The data:
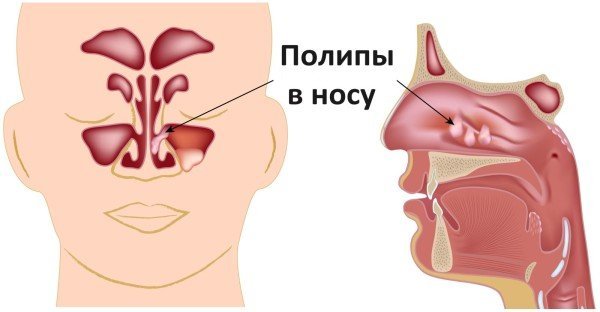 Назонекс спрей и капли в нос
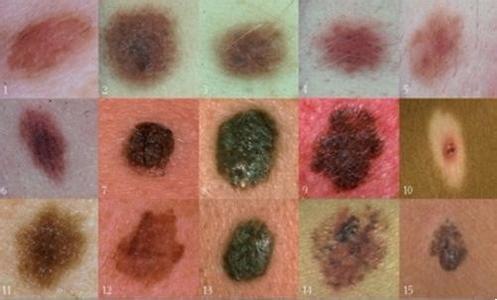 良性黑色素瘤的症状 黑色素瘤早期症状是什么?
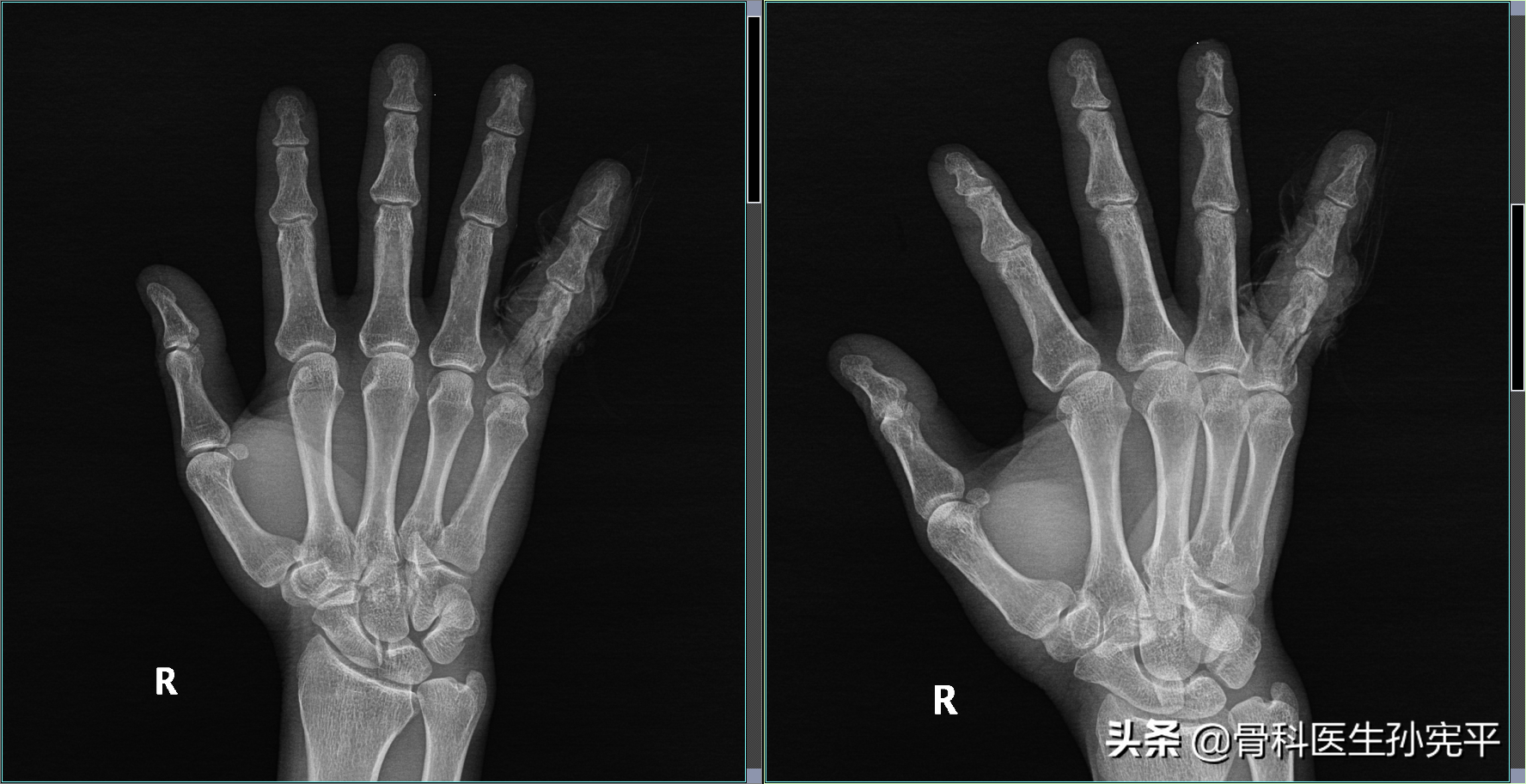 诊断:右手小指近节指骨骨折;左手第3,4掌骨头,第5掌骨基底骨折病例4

About this exercise: Write out the listing above exactly, images omitted.

Solution for this task:
 Назонекс спрей и капли в нос
 良性黑色素瘤的症状 黑色素瘤早期症状是什么?
 诊断:右手小指近节指骨骨折;左手第3,4掌骨头,第5掌骨基底骨折病例4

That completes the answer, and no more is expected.